I am working on the following homework exercise:

Let $G = (V,E)$ be an undirected graph and $c: E \rightarrow \mathbb{R}$ it's cost function. Further let $T = (V,E')$ be a spanning tree in G.

I need to show the equivalence of the following statements:

  1. $T$ is a MST.
  2. For all $e = \{x,y\} \in E \setminus E'$ holds: No edge of the (unique) path from $x$ to $y$ has a higher cost than $e$.
  3. For all $e \in E'$ holds: Let $C$ one of the two connected components of $T-e$, then $e$ is an edge with minimal weight in $\delta(V(C))$.

I have done $1) \implies 2)$ and $2) \implies 3)$, but I do not know how to prove $3) \implies 1)$. Could you give me a hint?

EDIT: Please note that $\delta$ refers to the cut, i.e.:

$$\delta(X) = \{ \ \{u,v\} \in E(G) : u \in X \text{ and } v \notin X \}\}$$

  • $\begingroup$ What is $\delta(V(C))$? I cannot find the definition of $\delta$ anywhere. $\endgroup$ – John L. Oct 15 '18 at 6:56
  • $\begingroup$ It is the cut: en.wikipedia.org/wiki/Cut_(graph_theory) $\endgroup$ – 3nondatur Oct 15 '18 at 6:58
  • $\begingroup$ That is what I suspected.
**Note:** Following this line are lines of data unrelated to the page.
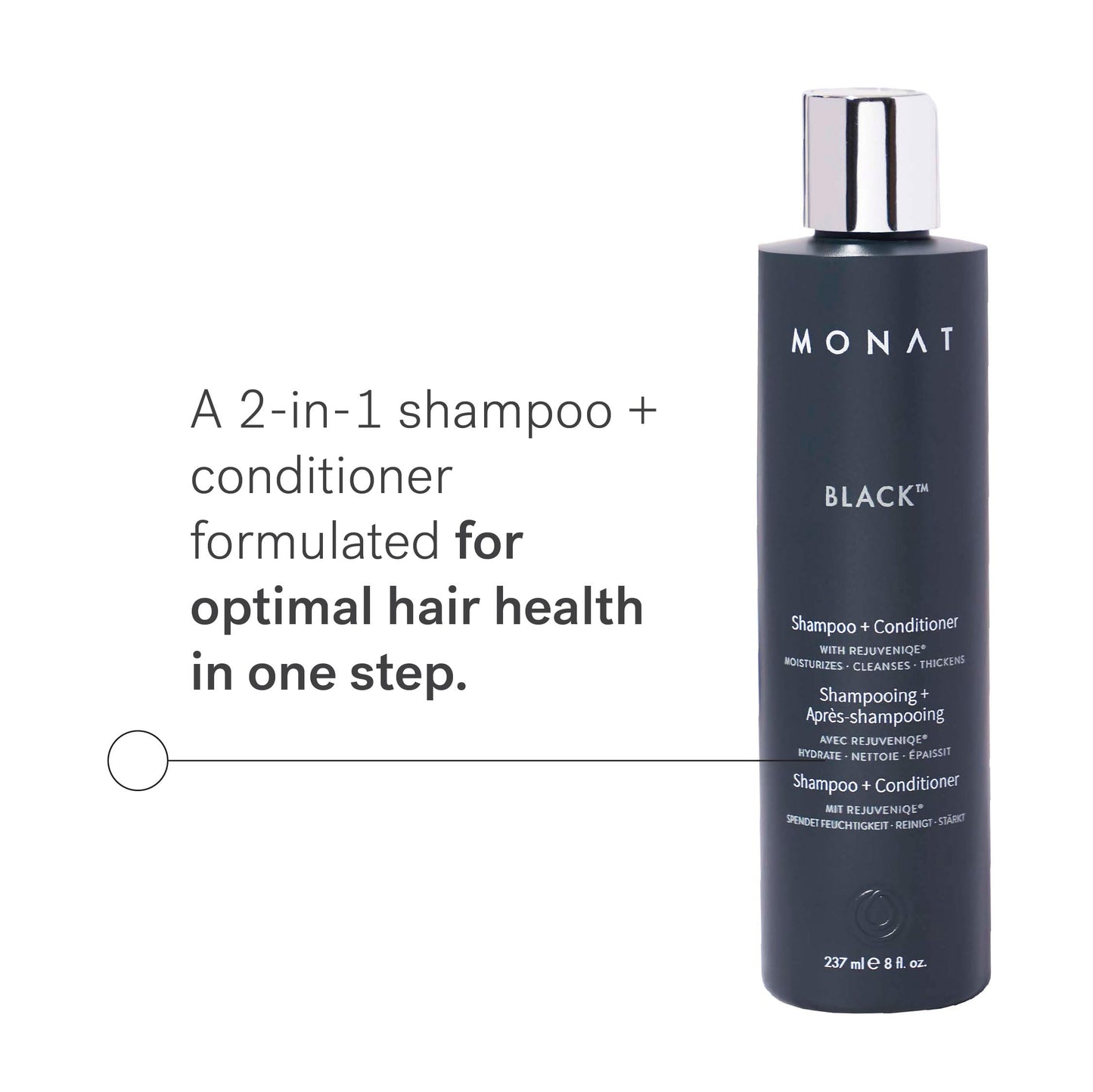 MONAT Black Shampoo + Conditioner - 3-Month Supply - A 2-in-1 Formula for Optimal Hair Care in One Step - Cleanses, Conditions, and Promotes Stronger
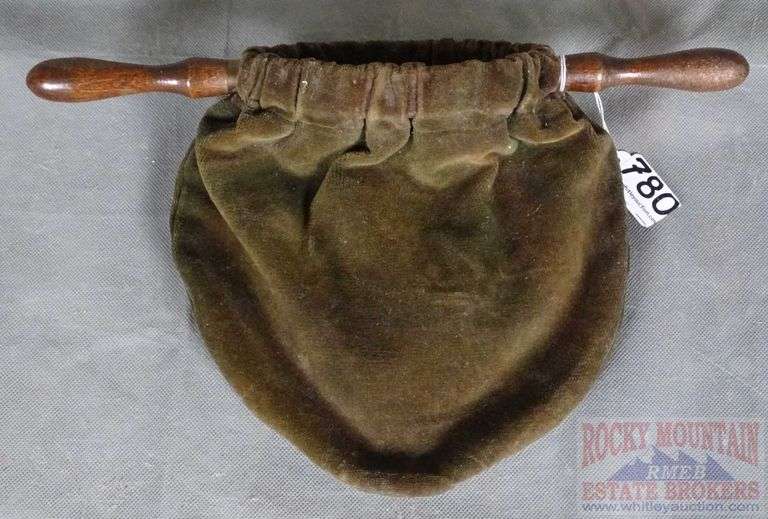 Victorian Velvet Church Collection Bag W/ Wooden Handles. There appears to have paint on one side, 9" High.
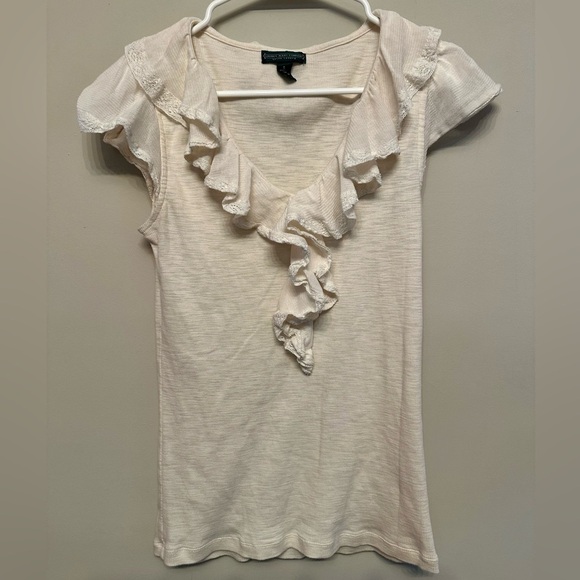 Vintage Y2K Ruffles & Lace Cream Blouse by Lauren Jeans Company Small - Picture 1 of 7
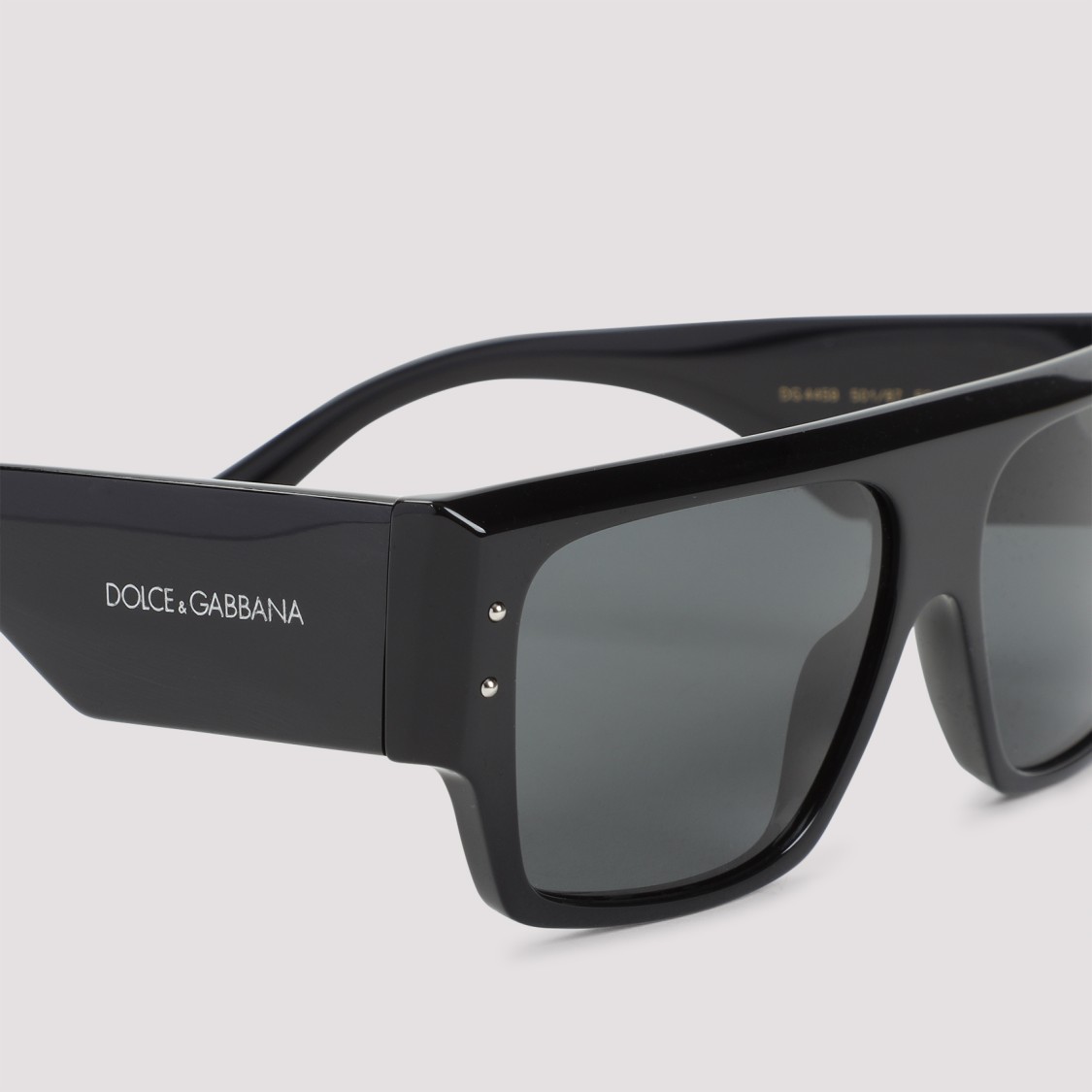 Dolce & Gabbana Bold Rectangular Frame Sunglasses With Acetate Construction In Black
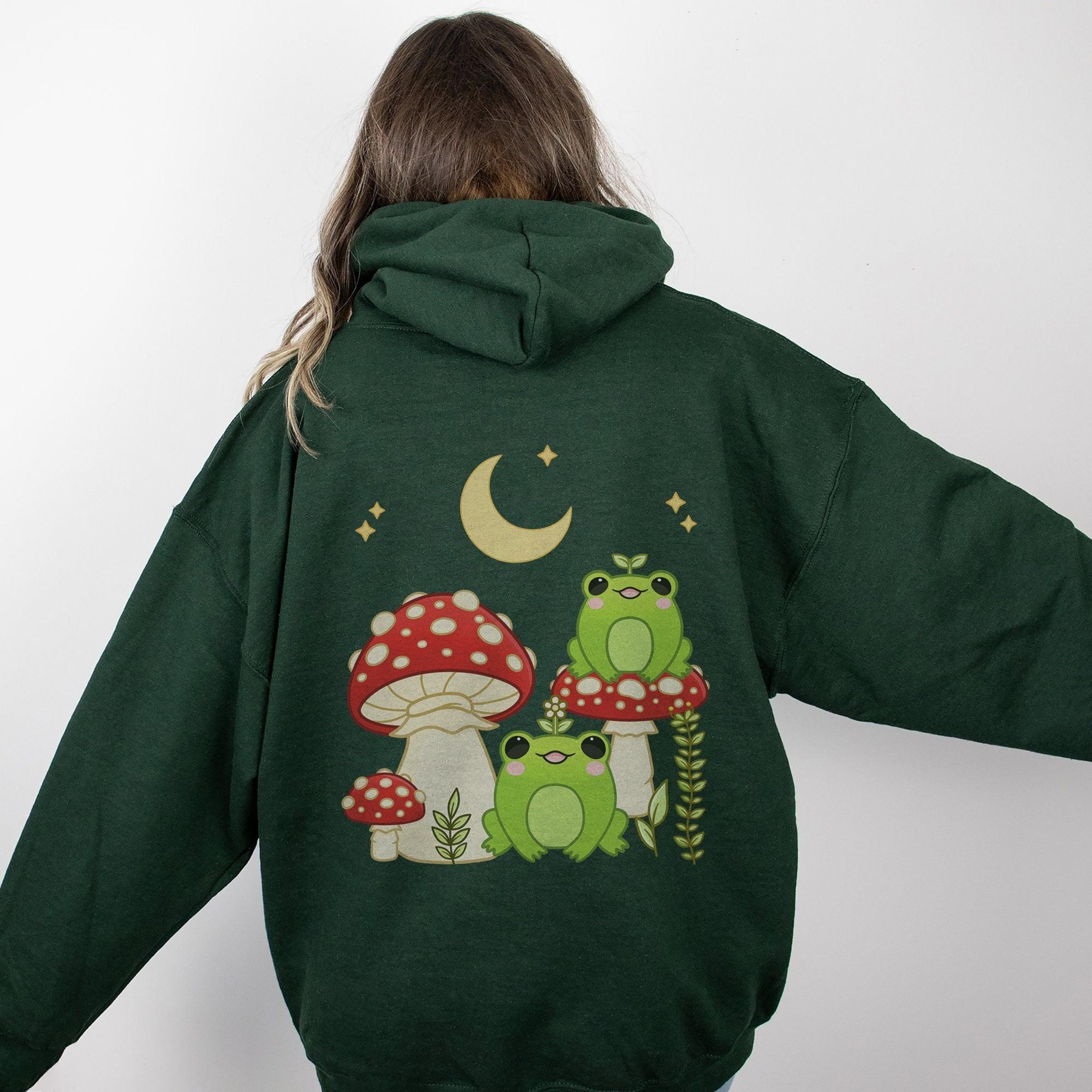 Cottagecore Mushroom Frog Hoodie | Cute Kawaii Hoodie | Frog Lover Gift | Anime Hoodie | Cottagecore Clothes | Oversized Hoodie Option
However, as in the Wikipedia entry, a cut or a cut-set is usually specified by both vertex subsets of a partition of $V$. Do you mean the cut-set $(V(C), V\setminus V(C)$? $\endgroup$ – John L. Oct 15 '18 at 7:04
  • $\begingroup$ Yes, I will edit my question accordingly; sorry for the inconvenience. $\endgroup$ – 3nondatur Oct 15 '18 at 7:11

In order to make sure $3)\implies1)\,$ is true, let us assume that all costs of edges are different. Otherwise, there is a counterexample at Is a set of acyclic |V| - 1 light edges always a Minimum Spanning Tree?.